Penn State coaching legend Joe Paterno dies at 85


----------



## TRENCHLORD (Jan 23, 2012)

It's just impossible to believe that the scandal didn't speed up his health's demise.

I feel sorry for Joe having gone out with this looming shame.
Maybe he should've went over the administration's head on this one, but he personally seen nothing so I can understand why he tried to follow a normal policy and trusted that those in the positions of authority would evaluate and act on the situation.

RIP Joe.


----------



## Jake (Jan 24, 2012)

It's been a sad week for Happy Valley, with the memorial services on thursday its just gonna get crazier, and I just received the email telling me classes are cancelled on Thursday for the event. I wish i could have met Joe before he went but the community has really come out these past few days and it has been an amazing experience. RIP Joe Pa, the man was truly a legend and an incredible person.


----------



## cwhitey2 (Jan 24, 2012)

TRENCHLORD said:


> It's just impossible to believe that the scandal didn't speed up his health's demise.
> 
> I feel sorry for Joe having gone out with this looming shame.
> Maybe he should've went over the administration's head on this one, but he personally seen nothing so I can understand why he tried to follow a normal policy and trusted that those in the positions of authority would evaluate and act on the situation.
> ...



Im honestly surprised he lived this long. He has had health problems for years, but also how do you just let go of one of the greatest college football coaches of all time? (Scandal aside)


RIP JOE


----------



## USMarine75 (Jan 24, 2012)

What a sad way to end such a great legacy. Unfortunately there's no definitive answer to what he knew and when he knew it... so we're just left with a tarnished legacy. I hope that over time people remember the good as well.

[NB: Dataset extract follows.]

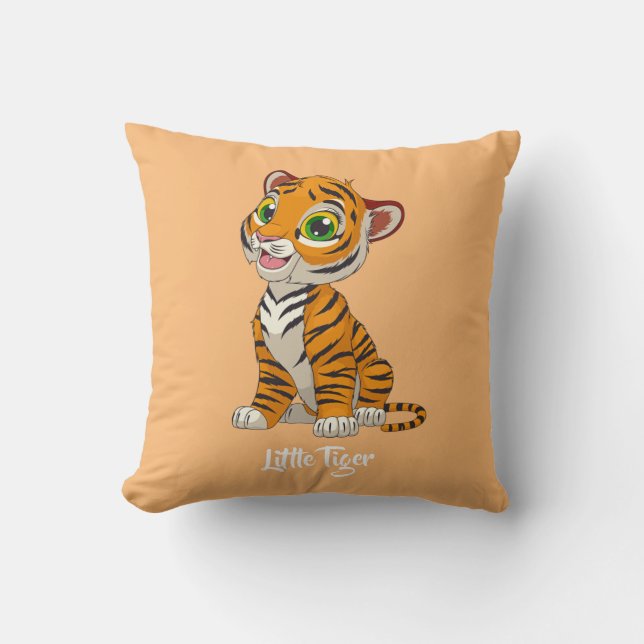 Almofada Travesseiro decorativo Baby Tiger Design (Frente)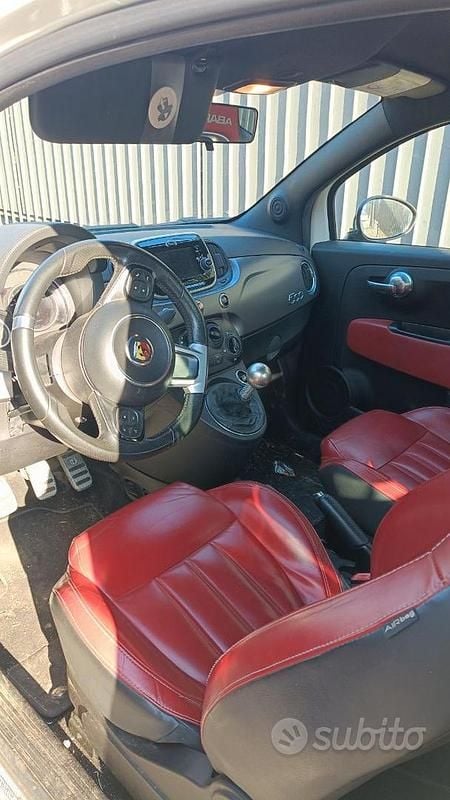 Usata Abarth 500 Turismo 135 CV (99 kW) 2019 Bianco Utilitaria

As an example, I heard Helter Skelter by the Beatles this morning and the first thing I thought of was Charlie Manson... it's such a great song, maybe the first metal song ever (?) but instead the first thought when it came on was damn hey I wonder what crazy Charlie is up to nowadays...

Similarly, the "Adolf" was such a cool mustache but all it took was one guy to ruin it for everyone (except Michael Jordan)...

Sandusky not only destroyed the lives of 40+ innocent kids, but he also ruined: Joe Pa, many other PSU coaches/staff/admin, the PSU reputation, and Sandusky's own family. Speaking of which, anyone else notice that the poor Baltimore Ravens announcer's name is Gerry Sandusky? Poor bastard...

It's going to be weird watching NCAAF without Bowden and Paterno...


----------



## cwhitey2 (Jan 24, 2012)

USMarine75 said:


> Sandusky not only destroyed the lives of 40+ innocent kids, but he also ruined: Joe Pa, many other PSU coaches/staff/admin, the PSU reputation, and Sandusky's own family. Speaking of which, anyone else notice that the poor Baltimore Ravens announcer's name is Gerry Sandusky? Poor bastard...
> 
> It's going to be weird watching NCAAF without Bowden and Paterno...



This.


----------